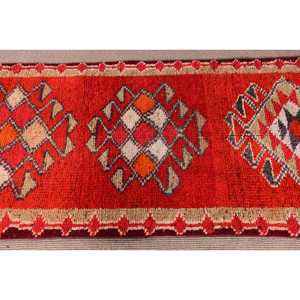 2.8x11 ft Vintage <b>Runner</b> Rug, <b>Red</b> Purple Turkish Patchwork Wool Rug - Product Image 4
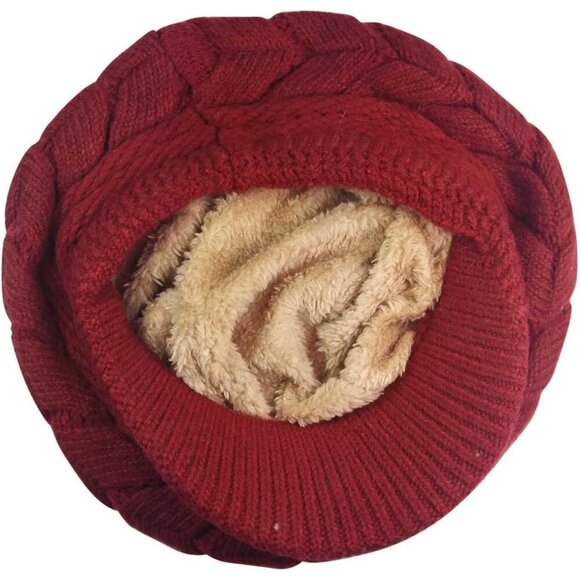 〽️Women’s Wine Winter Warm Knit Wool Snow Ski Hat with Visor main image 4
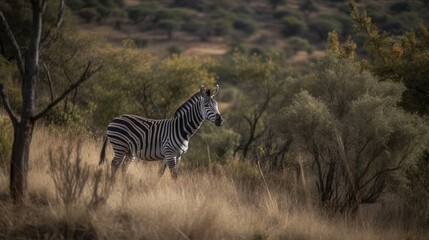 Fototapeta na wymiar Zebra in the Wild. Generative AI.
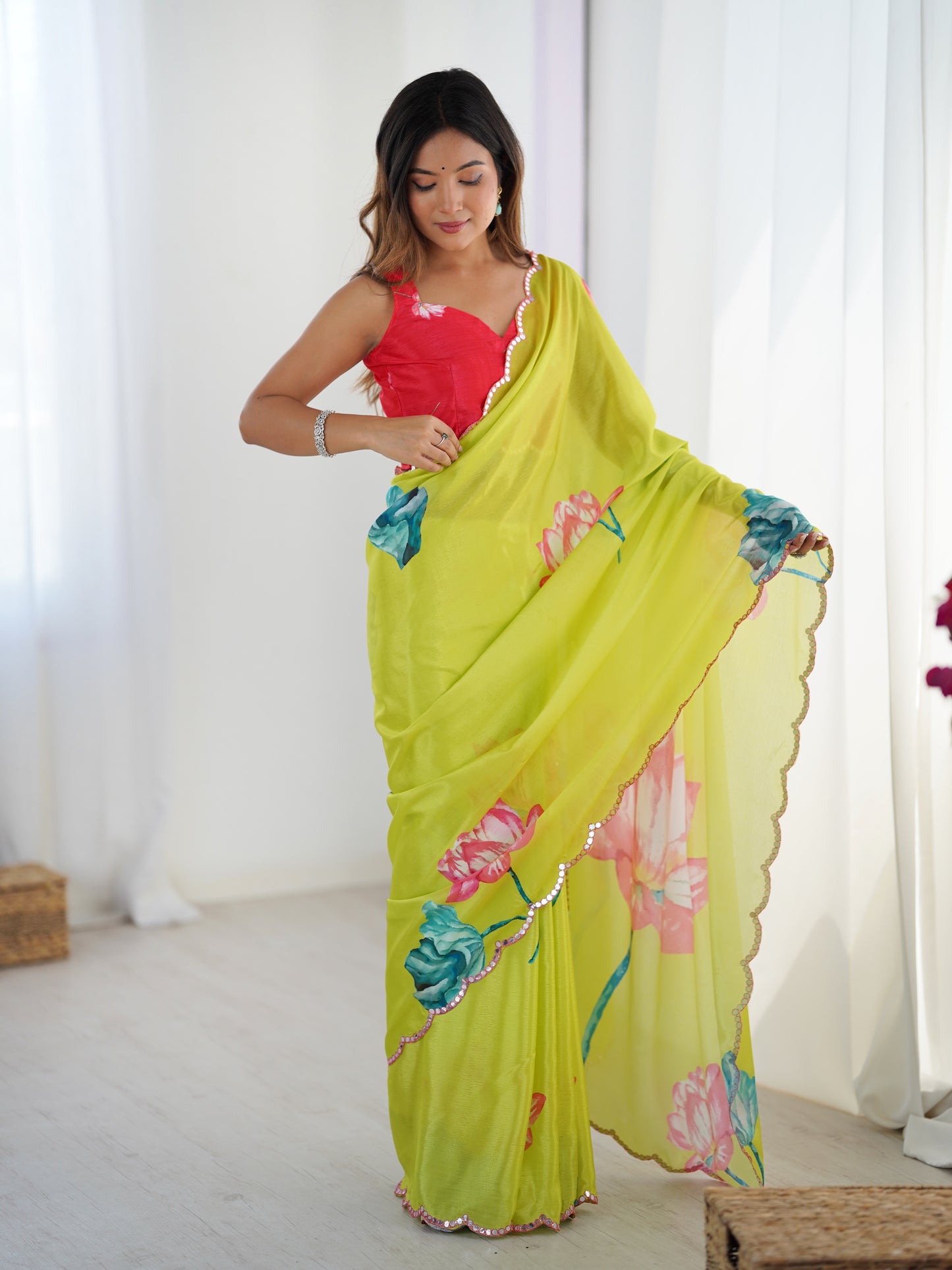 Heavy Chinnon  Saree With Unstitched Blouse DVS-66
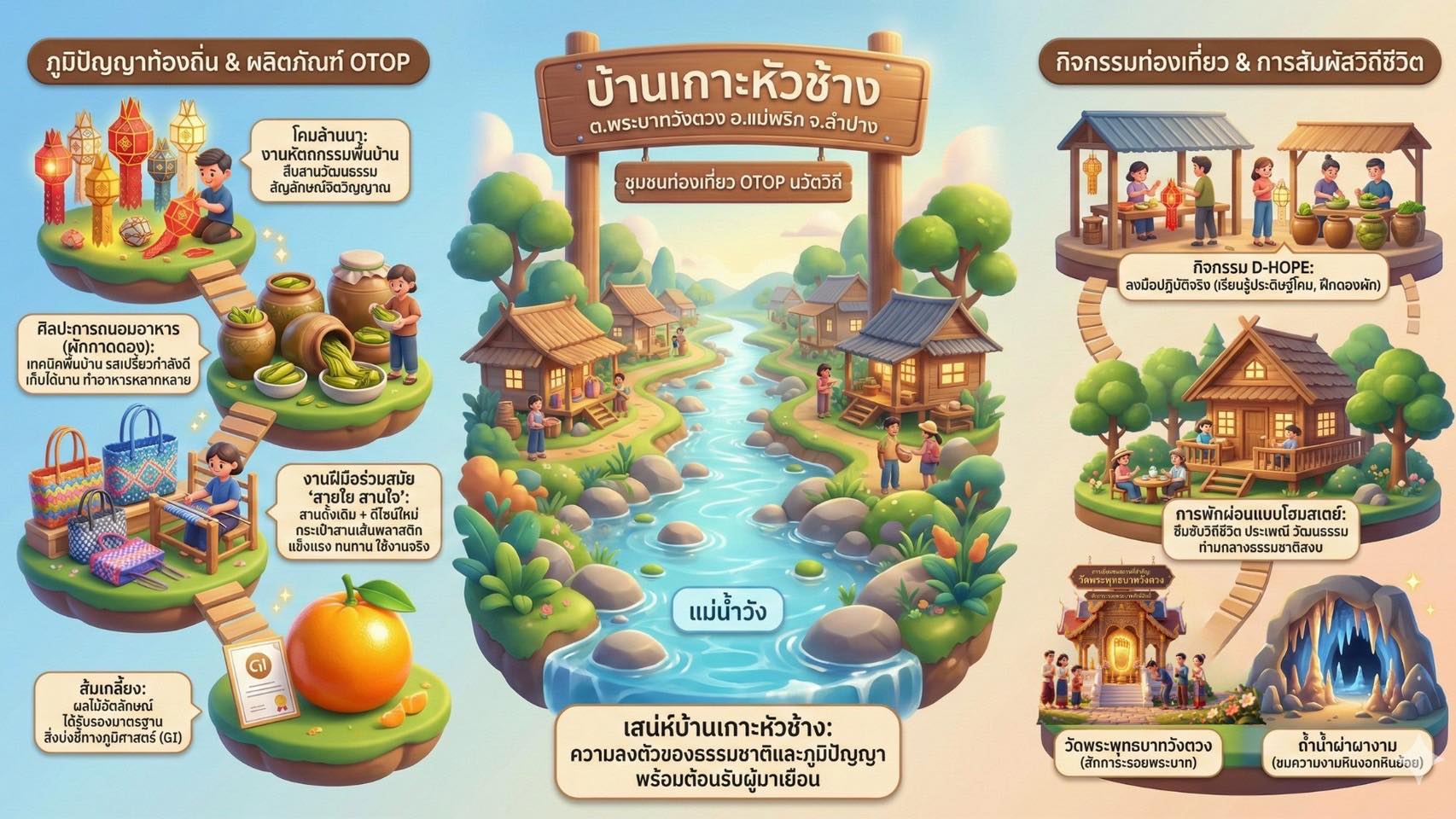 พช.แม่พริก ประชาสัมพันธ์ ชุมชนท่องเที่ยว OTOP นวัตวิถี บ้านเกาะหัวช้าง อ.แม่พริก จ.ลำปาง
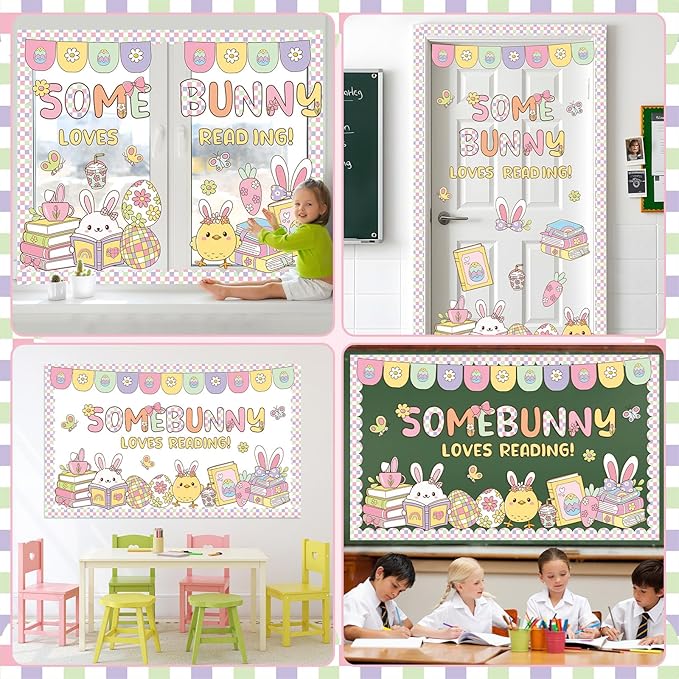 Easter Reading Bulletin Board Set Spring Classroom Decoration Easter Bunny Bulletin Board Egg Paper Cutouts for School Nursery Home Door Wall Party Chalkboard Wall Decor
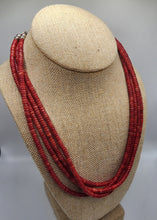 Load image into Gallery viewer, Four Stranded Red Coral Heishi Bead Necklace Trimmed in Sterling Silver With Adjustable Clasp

-.-.-

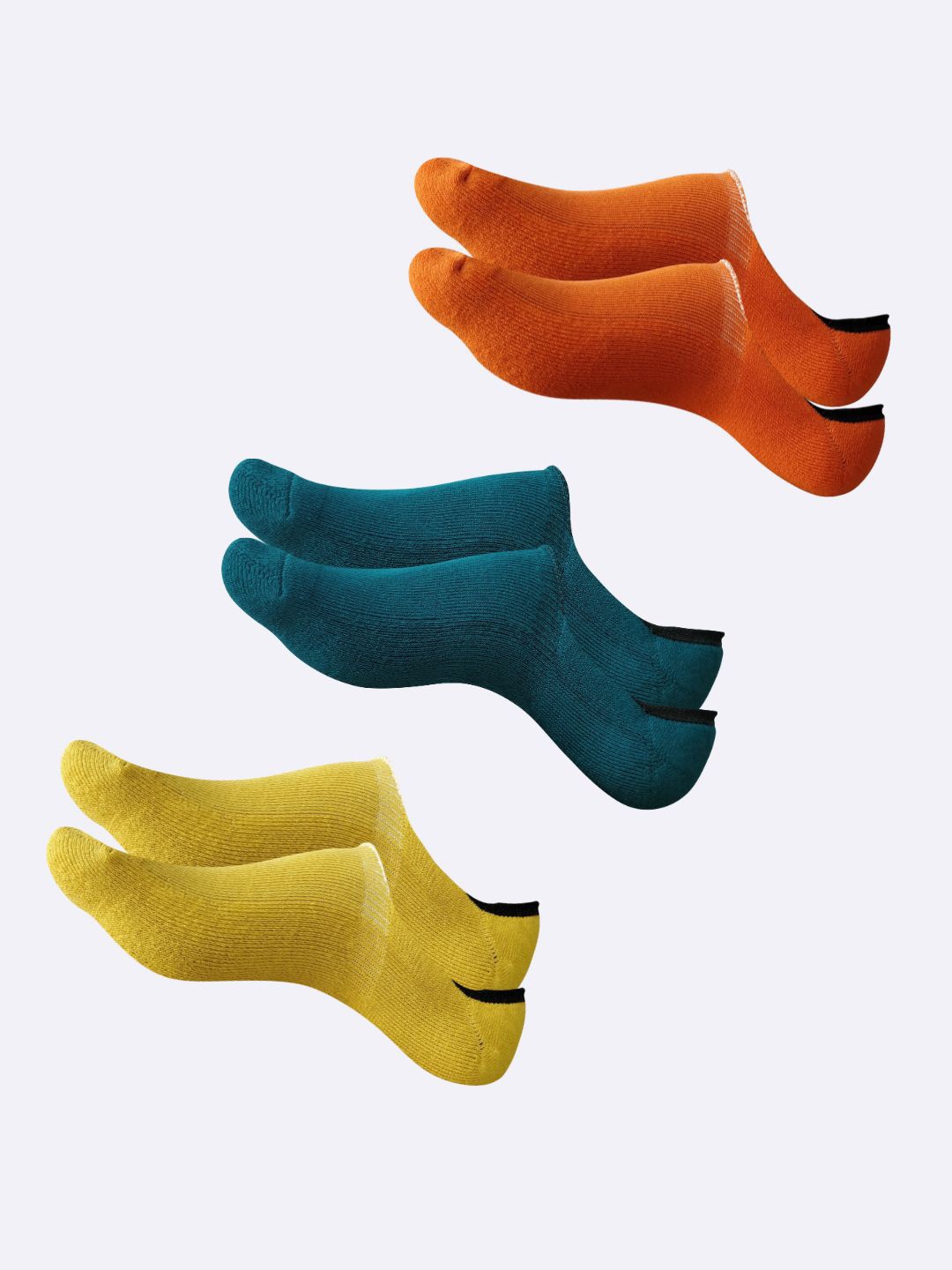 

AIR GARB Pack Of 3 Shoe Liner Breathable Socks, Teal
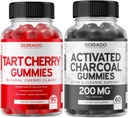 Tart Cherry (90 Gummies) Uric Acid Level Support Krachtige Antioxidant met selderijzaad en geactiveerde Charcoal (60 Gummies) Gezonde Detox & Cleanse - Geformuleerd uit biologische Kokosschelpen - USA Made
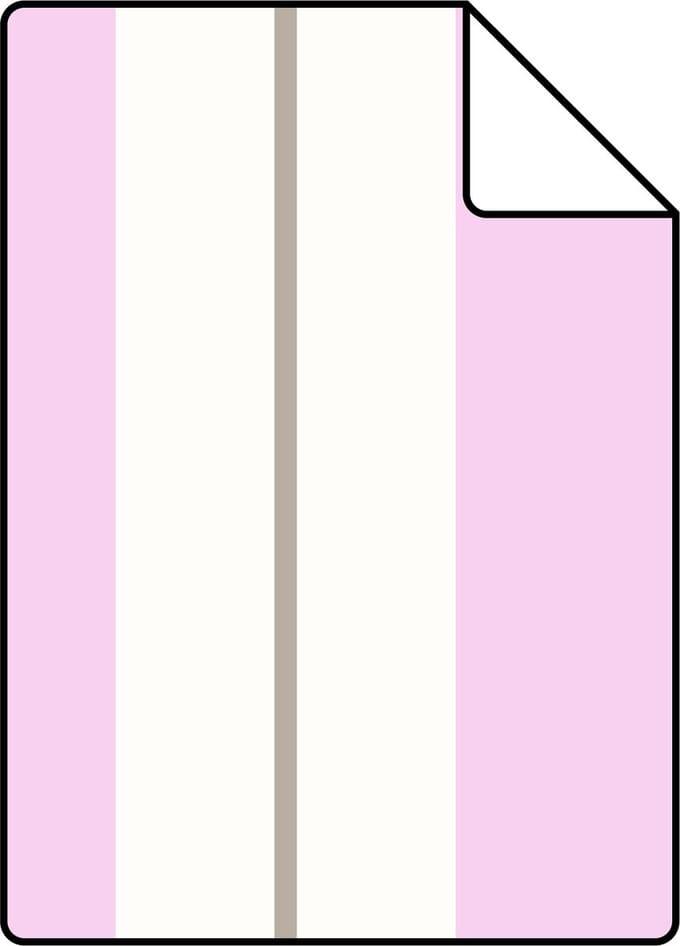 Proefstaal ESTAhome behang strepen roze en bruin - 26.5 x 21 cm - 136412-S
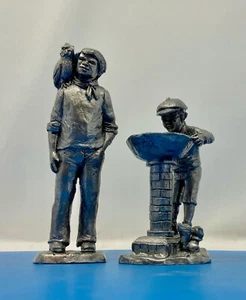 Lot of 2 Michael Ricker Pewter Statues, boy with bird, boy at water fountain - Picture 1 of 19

-.-.-

### Activity
Copy only this from above: the line containing "2.8x11 ft Vintage", the line containing "Load image into", and all lines between, printed exactly. Leave out the pictures.

### Result of the task
 2.8x11 ft Vintage <b>Runner</b> Rug, <b>Red</b> Purple Turkish Patchwork Wool Rug - Product Image 4
 〽️Women’s Wine Winter Warm Knit Wool Snow Ski Hat with Visor main image 4
 Fototapeta na wymiar Zebra in the Wild. Generative AI.
 Heavy Chinnon  Saree With Unstitched Blouse DVS-66
 พช.แม่พริก ประชาสัมพันธ์ ชุมชนท่องเที่ยว OTOP นวัตวิถี บ้านเกาะหัวช้าง อ.แม่พริก จ.ลำปาง
 Easter Reading Bulletin Board Set Spring Classroom Decoration Easter Bunny Bulletin Board Egg Paper Cutouts for School Nursery Home Door Wall Party Chalkboard Wall Decor
 Load image into Gallery viewer, Four Stranded Red Coral Heishi Bead Necklace Trimmed in Sterling Silver With Adjustable Clasp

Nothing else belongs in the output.